Wedding Bells

Gay marriage’s effects are ‘unambiguously positive,’ study finds

It’s been 20 years since gay marriage was first legalized in the US. Back in May of 2004, Massachusetts became the first state to offer marriage licenses to same-sex couples, though not without major pushback. Conservatives complained that legalizing gay marriage would ruin the sanctity of straight marriage, or that fewer people would want to get married in general. Now, a new study proves that the exact opposite has come true.

The study, published by nonprofit research organization RAND, reviewed existing studies and conducted new analyses to see the state of marriage in America today. Long story short, the study’s authors concluded that “the benefits of access to legal marriage for same-sex couples are unambiguously positive.”

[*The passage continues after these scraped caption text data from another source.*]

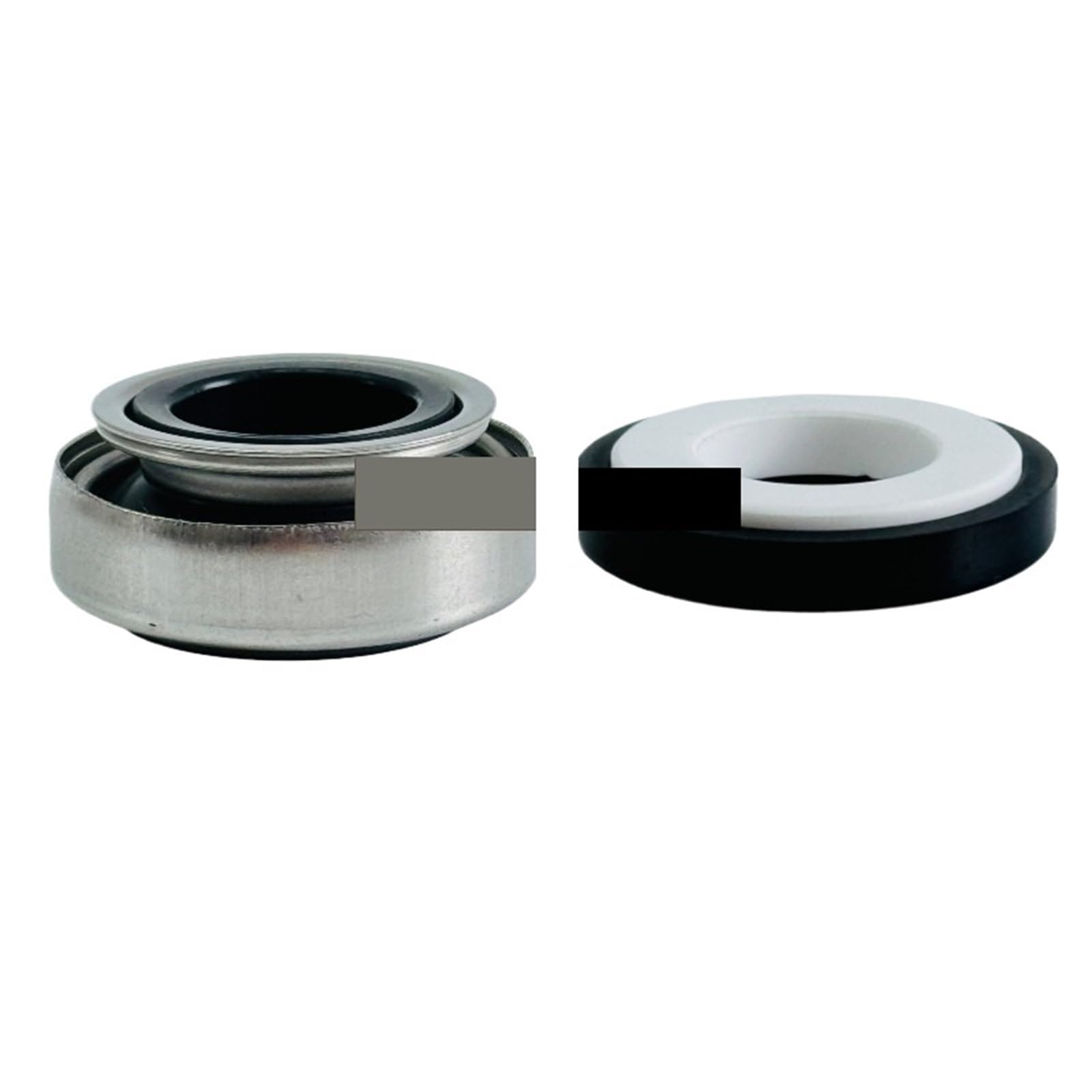 Trojtbuhq 301-19 39 S-V Rotate 1Pcs 301-19(Bt-Ar-19) Mechanical Seals Forpumps (D3=39Mm)|Equivalent To Bt-Arseals Material: Nbr/Ca/Material:slc/Sic/Iton(301-19 39 S-V Rotate)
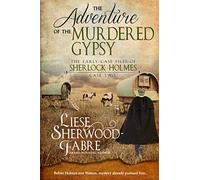 The Adventure of the Murdered Gypsy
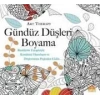 GÜNDÜZ DÜŞLERİ BOYAMA - MARTI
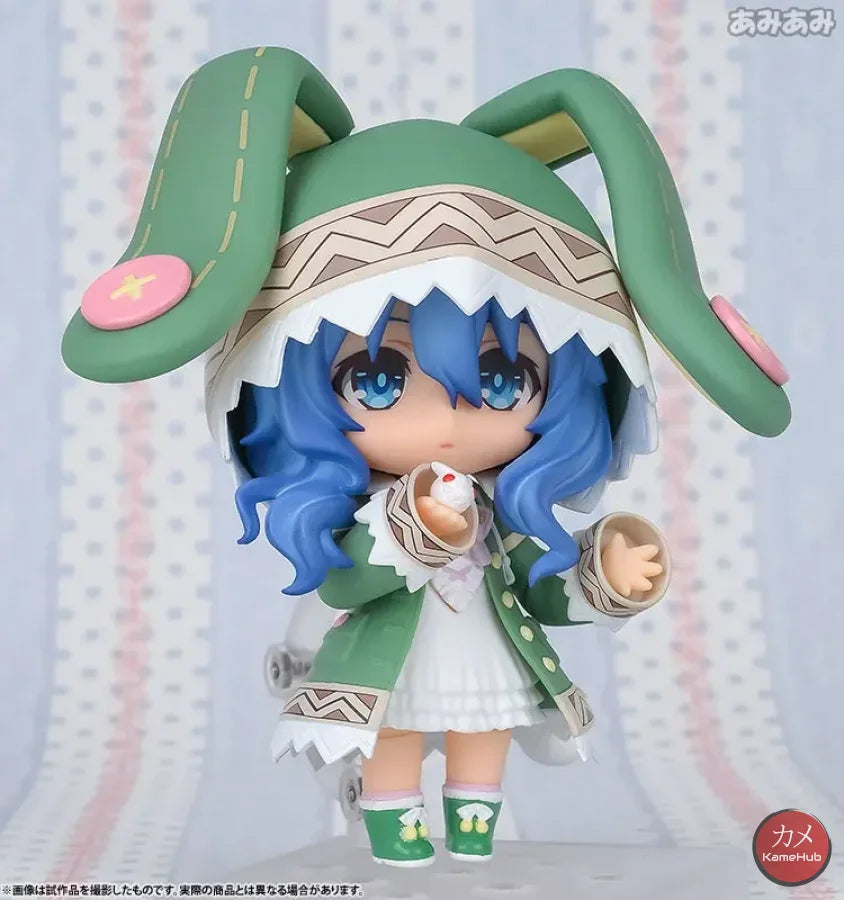 Nendoroid #395 - Date A Live Yoshino Himekawa Action Figure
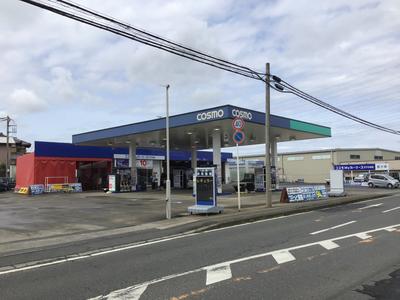 ピッカーズコスモS&CCS八街店の画像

What exactly are those benefits? In states where gay marriage was legalized, the rates of anti-queer hate crimes, employment discrimination, and STDs including syphilis, HIV, and AIDS all declined. Meanwhile, rates of homeownership, earnings, and relationship stability all increased for same-sex households in those states, as did adoption rates.

And as far as overall attitudes toward marriage, legalizing gay marriage doesn’t seem to have had much of an impact — and if it did, it was positive. Marriage rates have increased by 1-2% for different-sex couples and by 10% overall. Around 70% of Americans now support same-sex marriage.

“Some of those who opposed the granting of marriage rights to same-sex couples predicted that doing so would undermine the institution of marriage, resulting in fewer couples marrying, more couples divorcing and an overall retreat from family formation,” Benjamin R. Karney, one of the study’s authors, said in a statement. “Overall, the fears of opponents of same-sex marriage simply have not come to pass.”

“We find no evidence for a retreat from marriage,” added Melanie A. Zaber, another of the study’s authors. “In fact, there is evidence suggesting that by extending marriage rights to a greater number of couples, interest in marriage increased. And that finding isn’t limited to same-sex couples — this is also true for the broader population.”

“The only changes we detect are suggestive of a renewed salience of marriage among the broader public,” Zaber continued. “There is no empirical basis for concerns that allowing same-sex couples to marry has negatively affected different-sex couples and families.”